Vanessa Marin, psikolog di Los Angeles, mengamini pernyataan Gesselman. Banyak pasiennya mengalami persoalan semacam itu. Dia paham stres adalah masalah umum bagi banyak orang. Tetapi yang amat mengejutkan, ternyata intensitas stres rata-rata muncul saat seseorang jarang berhubungan intim.
“Banyak pasangan yang berpikir seks tak banyak gunanya selain untuk rekreasi murah meriah,” kata Marin, “Padahal peran hubungan intim lebih besar. Pasangan ingin seks bukan hanya karena mereka mau orgasme. Itu memang bagian menyenangkan dari seks, tetapi sebenarnya yang jauh lebih penting adalah memprioritaskan diri sendiri dan hubungan kalian, daripada sekadar meminta diperhatikan. Apabila pasangan menolak bersetubuh karena mereka sedang bekerja atau asyik nonton TV, hal ini menunjukkan apa yang mereka lakukan jauh lebih penting daripada menghabiskan waktu bersamamu.”
Pola masalah kurang bercinta biasanya seperti ini: Kamu marah, tapi kamu tidak mau membicarakannya. Pasanganmu menyadari kamu marah. Marin menilai ketegangan yang muncul di tahap tersebut membuat pasangan semakin malas berhubungan seks. Kondisi tadi menciptakan siklus negatif yang sudah sering dia lihat. Hanya saja, kita semua tahu kalau membahas masalahnya juga tidak gampang.
“Kita tak terbiasa membicarakan perasaan ditolak dan menghadapinya,” tuturnya, “jadi kita lebih sering memendamnya dalam hati dan membangkitkan semua penolakan di masa lalu.”
Kalau begitu, apa yang bisa kita lakukan jika mulai marah karena jarang berhubungan intim? Semuanya kembali lagi ke komunikasi, tak peduli seberapa canggungnya. Tiap melayani konsultasi dengan pasien, Marin membantu pasangan yang bermasalah agar menyadari bahwa yang terpenting bukanlah cara supaya permintaan seks tidak ditolak. Lebih penting untuk belajar memahami dan mencerna apa yang mereka rasakan saat ditolak.
Dengan begini, pasangan bisa membicarakan keinginan mereka secara terbuka. Harapannya, mereka jadi jarang berdebat dan lebih sering menghabiskan waktu bersama.
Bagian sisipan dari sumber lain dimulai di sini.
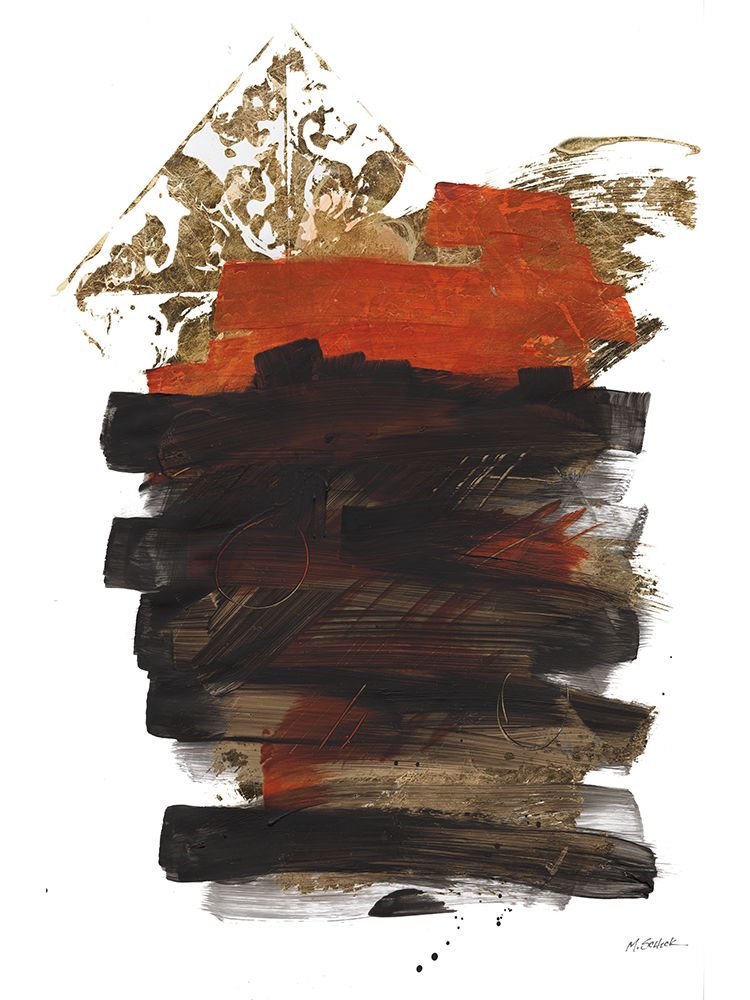 Gold Black Abstract II Red art print by Mike Schick for $57.95 CAD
Tidak ada lagi pertengkaran antara pasangan.
Mendefinisikan kembali apa arti seks juga dapat membantu mengenyahkan perasaan ditolak dan kekesalan. “Sebetulnya banyak pasangan cenderung gagal berhubungan intim secara rutin,” ujar Marin. “Makanya kalian harus menciptakan menu yang lebih variatif. Seks bisa dilakukan dengan berbagai cara, tapi kita kadang tidak kreatif dan melakukan hal sama berulang kali.”
Maka, seandainya pasanganmu sedang menolak untuk bersetubuh karena sedang bosan melakukannya, mungkin inilah saat bagimu untuk merenung. Coba ingat lagi, bahwa hubungan seksual hanyalah satu bagian dari pengalaman yang dapat membuatmu dan pasangan semakin dekat.
Apalagi, menurut Marin, ada banyak variasi seks tanpa harus penetrasi. “Bagaimana kalau satu orang masturbasi sembari pasangannya membisikkan omongan seksual? Bagaimana kalau menonton film porno bareng? Ada banyak hal lain yang bisa dilakukan, dan pas kamu sadar ada berbagai macam pilihan dan semua aktivitas itu juga membutuhkan upaya keras, jadinya jauh lebih mudah untuk bilang, ‘Oke, aku lagi enggak sedang pengin diapa-apain, tapi aku niat membisikan omongan seksual padamu, atau menelanjangi diri sambil kamu masturbasi, atau melakukan handjob, atau minimal tiduran di sebelahmu.’”
Apalagi tips yang bisa membantu pasangan sedang jarang bercinta agar tidak langsung berantem?
Kalian harus mulai punya pola pikir seperti ini: kehidupan seksual butuh perjuangan. Seks bukan sesuatu yang bakalan langsung rutin terjadi ketika kalian saling mencintai. Menurut penelitian baru dari University of Toronto, orang yang percaya kehidupan seksnya terus berkembang, cenderung merasa lebih baik dalam hubungannya.
Jadi, kalau pasanganmu sedang tidak ingin ho’oh, biarkan dirimu merasakan penolakan tersebut. Tapi jangan sedih-sedih banget. Daripada bete lalu ngamuk-ngamuk, cobalah berbagai hal yang baru—termasuk membahas masalah ini dengan jujur bersama pasangan.